Make sure and tell them though that the steps will feel like 150 sand paper.


----------



## Richard (May 21, 2006)

donb1959 said:


> Make sure and tell them though that the steps will feel like 150 sand paper.


don knows what's up :thumbsup:


----------



## ThePaintStore (Dec 9, 2006)

One caution with using Shark Grip. This product is made from finely ground white plastic. It is nice because it will stay suspended in the paint and give you a more uniform coating unlike the old Silica sand additive that would settle to the bottom of the can. But I would not recommend using this in a clear product, it could "milk" out the finish, be careful and test an area first. You might consider using the silica sand product and spread it on the step, dry from the container, while the coating is wet. let that dry, brush off of vaccuum off any loose product. Give it a second light coat of clear to "lock in" the particles careful not encapsulate them completely. Hope that helps.


----------



## Teetorbilt (Feb 12, 2004)

On yachts we never mix with the varnish, there is no way to get an even finish. We usually tape off a border (I like to go around the bullnose to prevent slick edges), lay down a coat and sprinkle the nonskid on with an industrial type salt shaker while the varnish is still wet.
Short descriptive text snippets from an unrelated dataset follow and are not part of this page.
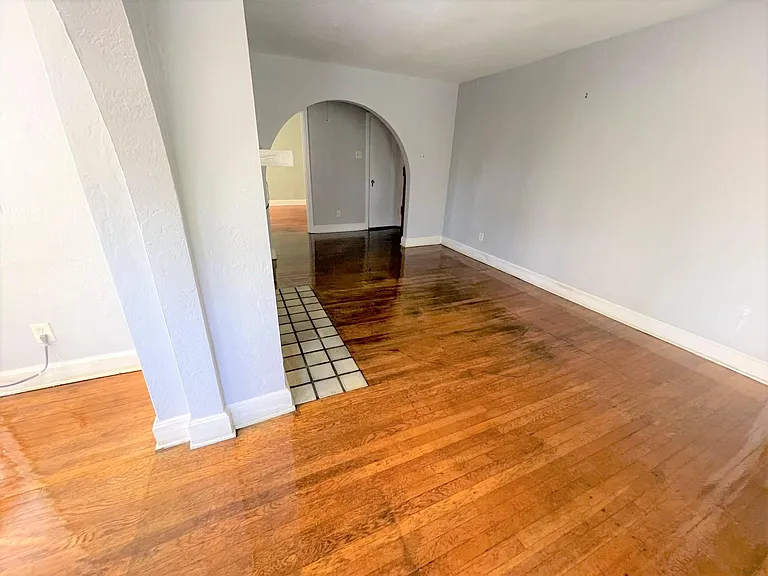 6532 Wilkins Ave #A3 — Photo 50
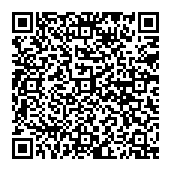 宜蘭縣礁溪鄉礁溪路一段綠園道別墅出售-QR CODE
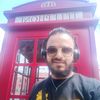 bilal_youb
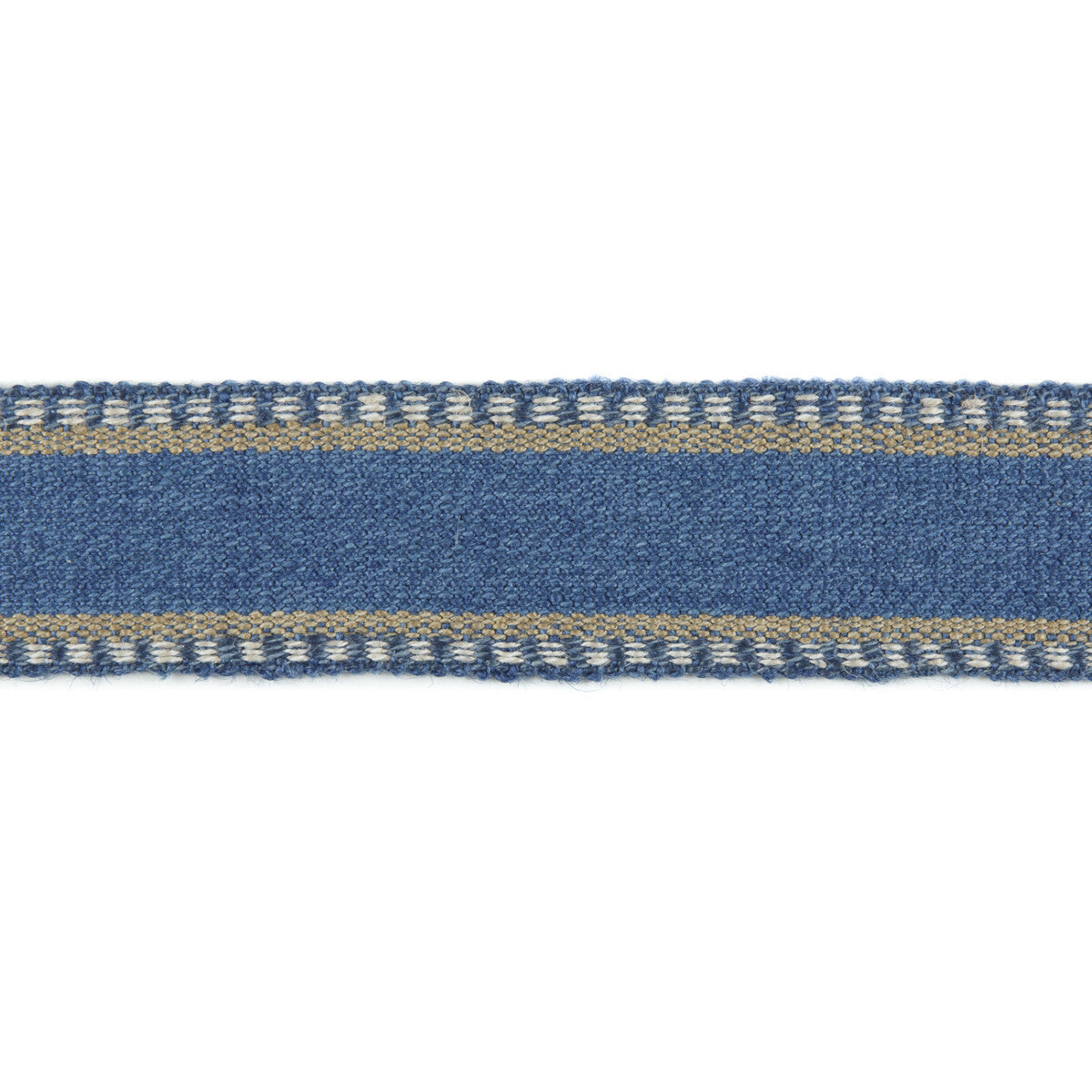tl101695150-danakil-tape-blueslate-lee-jofa - LEE JOFA Trim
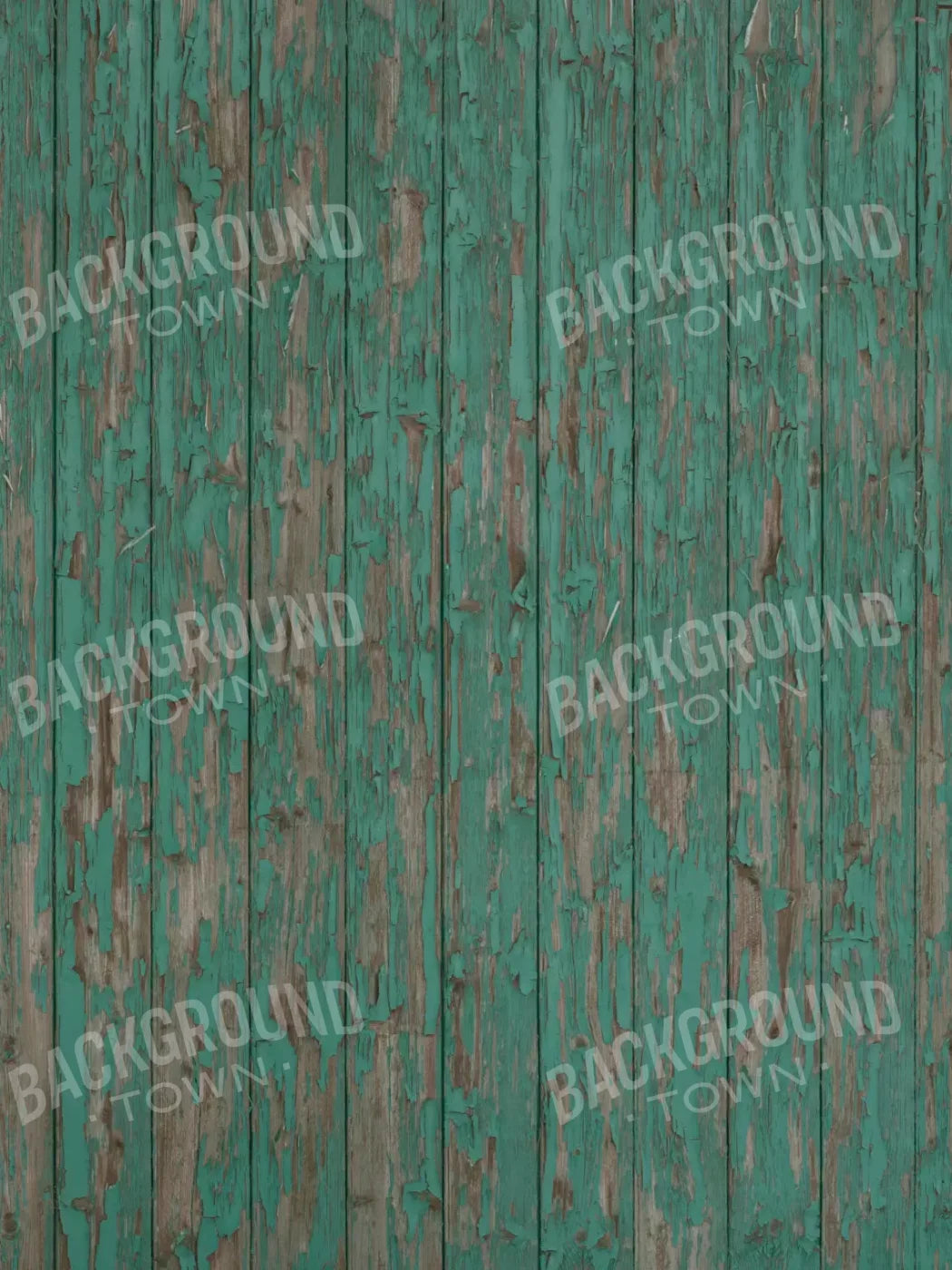 Donovan Rubbermat Floor 8X10 ( 96 X 120 Inch )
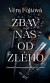 Zbav nás od zlého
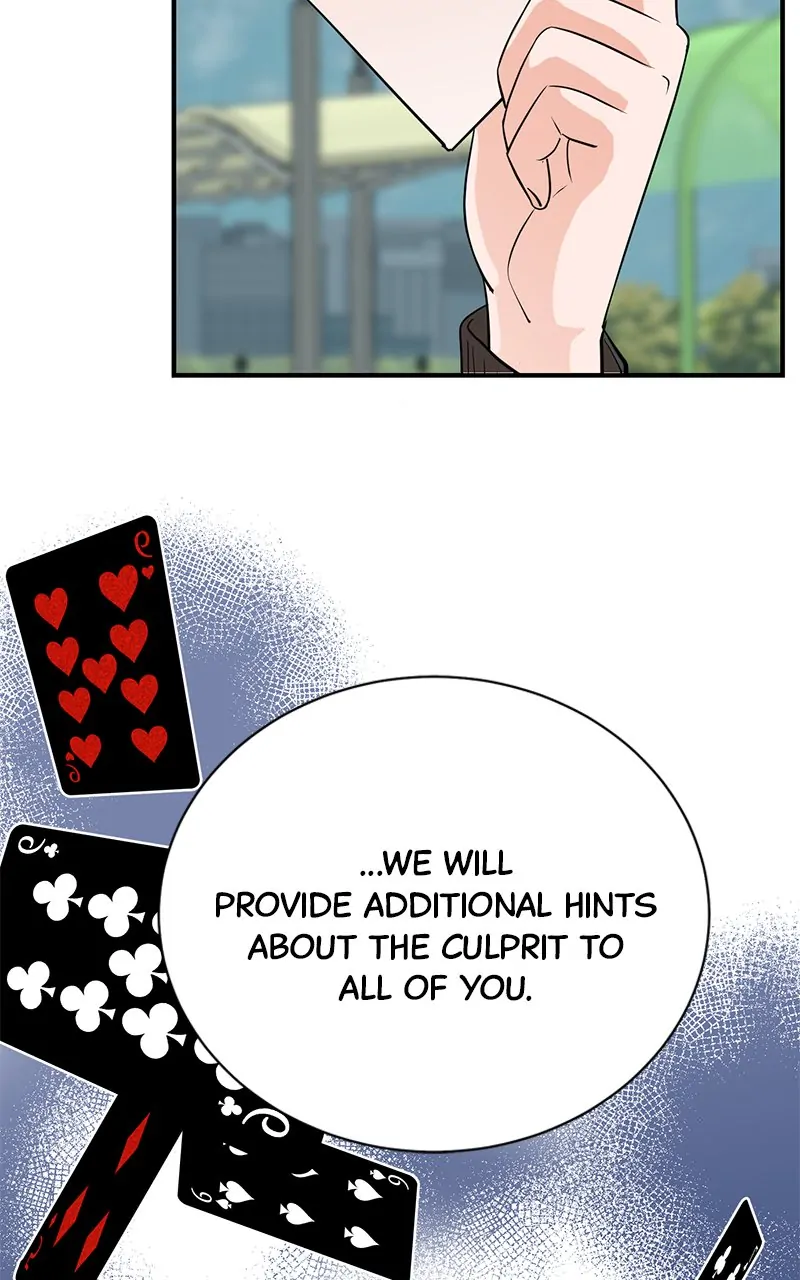 Second Life Producer chapter 149 page 66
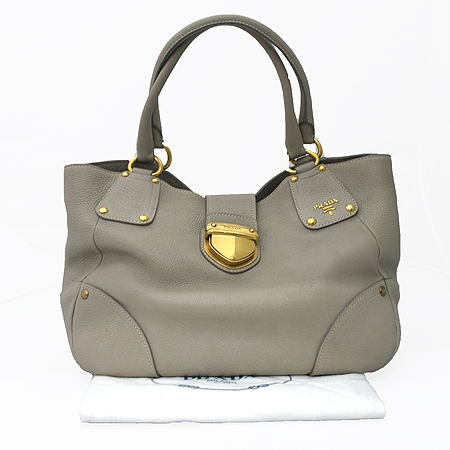 ����� ���ڷδ��̳� ���� �ΰ� ��Ʈ�� 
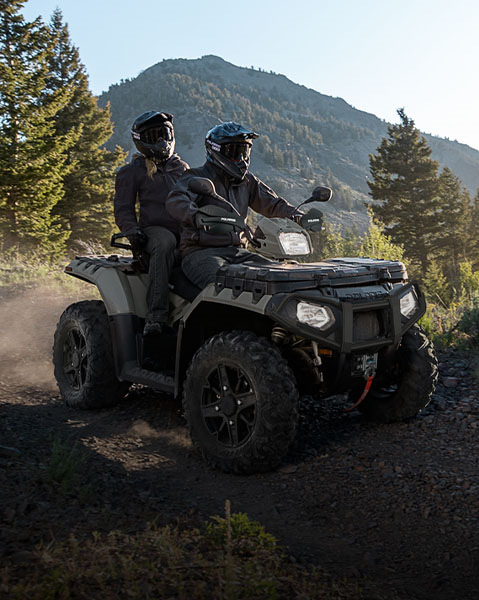 2020-polaris-sportsman-touring-xp-1000-2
You get very good distribution control this way. BTW, you don't need a lot, just a nice even coverage. Always have the same guy do it, everybody has their own 'hand'.

Apply a slightly reduced 'lockdown' coat after the first has almost dried completely.

The marine industry has all kinds of nonskids from nearly useless to ground walnut shells for commercial fishing decks.


----------



## LennyV-NHSNOLA (Nov 22, 2006)

Stairs do not have to have the sand paper finish to be slip resistant. There are tons of different wax products that provide very good anti-slip coefficient when used on shiny/slippery surfaces. These waxes are used in restaurants and grocery stores and many other commercial establishments that want the shiny floor appearance without the slippery floor accident. Check with your local janitorial supply outlet.

I also find that the paint wears off on the top of the silica leaving a spilled salt look to a dark floor over time. Now if you want to have a repeat customer needing the stairs repainted every year, then go with the silica.

Now, for outdoor wood, metal or concrete painted steps, the silica or Shark Grip are fine but I don't think it's needed for interior stairs.


----------



## metomeya (Apr 20, 2006)

I've seen some skip not additive that say pumice as the active ingredient, it seems finer than most of the silicas I've seen.


----------